Figure 1: Automated multivariate phenotyping of cells by combinatorial RNAi and automated image analysis.

The Huber group develops large-scale statistical models that integrate genomic, molecular and phenotypic data to understand the variations between individuals in health and disease.

Previous and current research

A central challenge of biomedicine is to understand how the biological systems that underlie healthy life and disease react to variations in their make-up (genetic variation, for example) or their environment (drugs, for example). Our group brings together researchers from quantitative disciplines – mathematics, statistics, physics and computer science – and from different fields of biology and medicine.

We employ statistics and machine learning to discover patterns in large datasets, understand mechanisms, and act upon predictive and causal relationships to, ultimately, address questions in personal genomics and molecular medicine. More specifically, we use large-scale data acquisition and quantitative modelling of phenotypes and molecular profiles, systematic perturbations (such as drugs or high-throughput genetics) and computational analysis of non-linear, epistatic interaction networks.

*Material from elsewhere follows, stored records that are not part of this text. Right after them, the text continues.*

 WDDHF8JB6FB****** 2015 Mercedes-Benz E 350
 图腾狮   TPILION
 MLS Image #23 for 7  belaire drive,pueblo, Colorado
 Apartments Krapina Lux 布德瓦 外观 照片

Genomics and other molecular profiling technologies have resulted in increasingly detailed biology-based understanding of human disease. The next challenge is using this knowledge to engineer treatments and cures. We integrate observational data – such as from large-scale sequencing and molecular profiling –, with interventional data – systematic genetic or chemical screens – to reconstruct a fuller picture of the underlying causal relationships and actionable intervention points. A fascinating example is our work on genotype-specific vulnerability and resistance of tumours to targeted drugs in our precision oncology project.

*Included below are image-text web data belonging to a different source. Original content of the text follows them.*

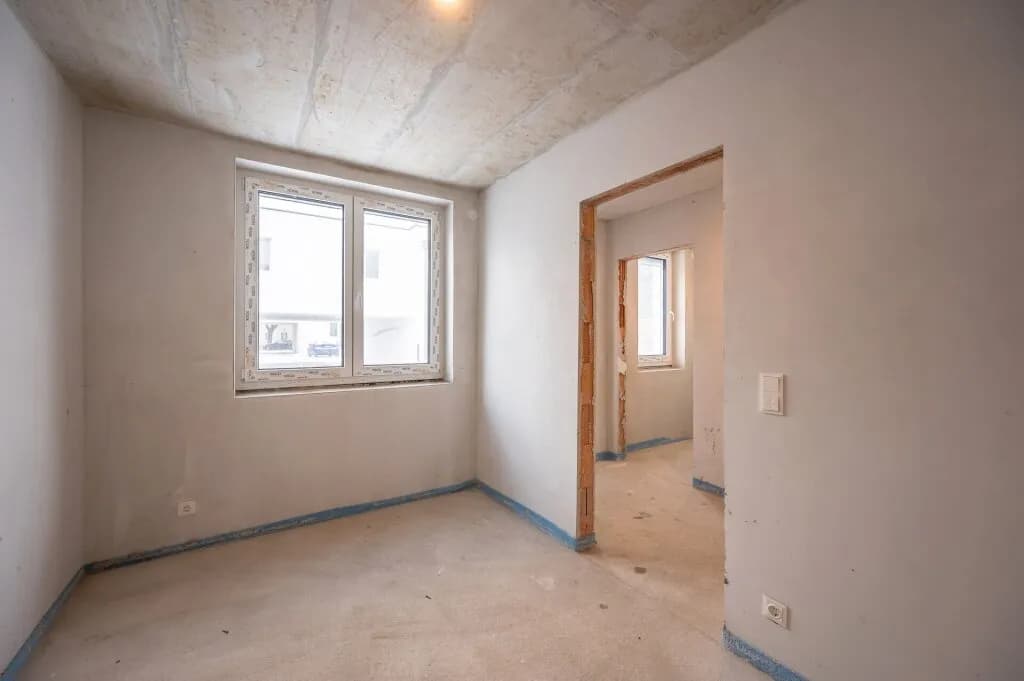 5-Zimmer-Haus kaufen in Mistelbach – 106,93 m², € 475.000 – Bild 10 von 15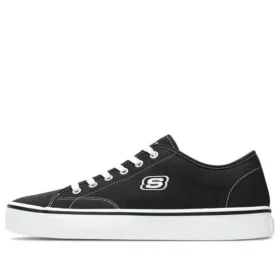 Cupsole 1 low Sneakersy Czarny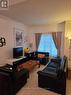 6 - 15 St Moritz Way, Markham, ON  - Indoor 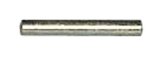 2800860300 C00874944 STIFT #1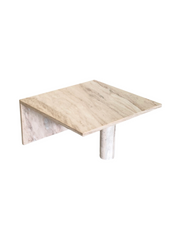 Italian_marble_Palissandro_coffee_table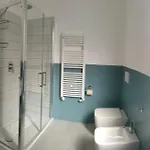 Maison Nana Bed and breakfast 4*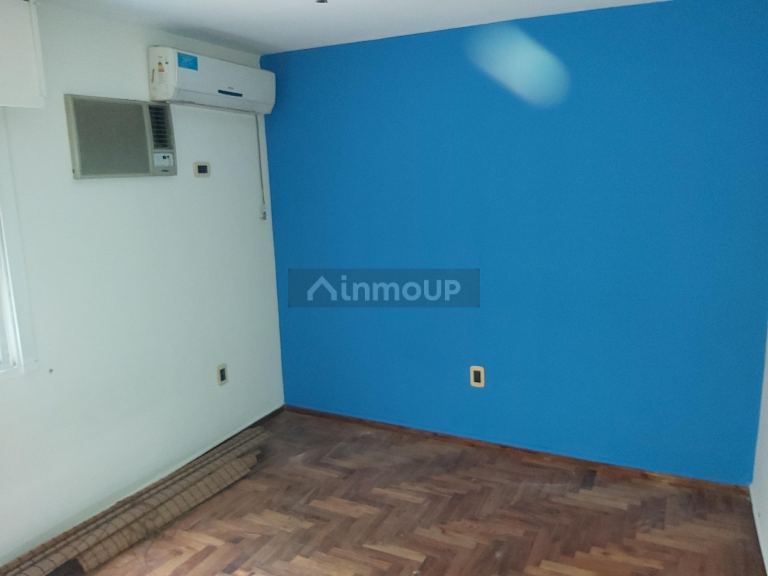 Departamento en Venta en Capital, Mendoza - USD 65.000 | Inmoup - 12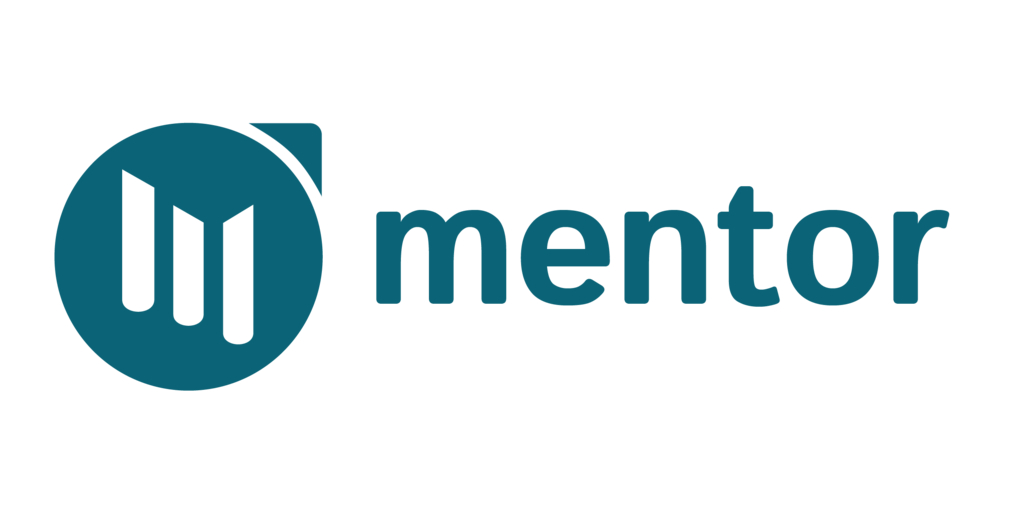 Mentor 2020 Logo H 01 (1)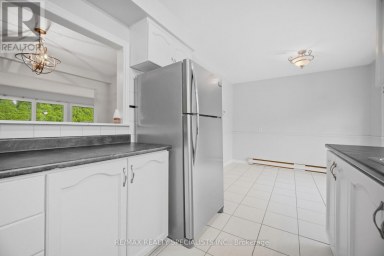 20 - 6780 FORMENTERA AVENUE Mississauga (Meadowvale) Ontario photo 14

As we engage with new data types, our aim is to develop high-quality computational and statistical methods of wide applicability. We consider the release and maintenance of scientific software an integral part of scientific publishing, and we contribute to the Bioconductor Project, an open source software collaboration to provide tools for the analysis and study of high-throughput genomic data. An example is our DESeq2 package for analysing count data from high-throughput sequencing.

Future projects and goals

We aim to develop the computational techniques needed to analyse exciting biological data types:

  • Clinical multi-omics: we work with clinical researchers to develop predictive assays and algorithms.
  • Many powerful mathematical ideas exist but are difficult to access. We translate them into practical methods and software that make a real difference to biomedical researchers, an approach we term ‘translational statistics’.
  • Quantitative proteomics and in vivo drug-target mapping.
  • Single-cell and single-molecule -omics.
  • High-throughput multidimensional phenotyping: mapping gene-gene and gene-drug interactions through computational image analysis of cell and tissue microscopy, machine learning and mathematical modelling.
Figure 2: Ternary plots of relative sensitivities to targeted kinase inhibitors for a cohort of primary tumour samples of chronic lymphocytic leukaemia (CLL).

Figure 2: Ternary plots of relative sensitivities to targeted kinase inhibitors for a cohort of primary tumour samples of chronic lymphocytic leukaemia (CLL).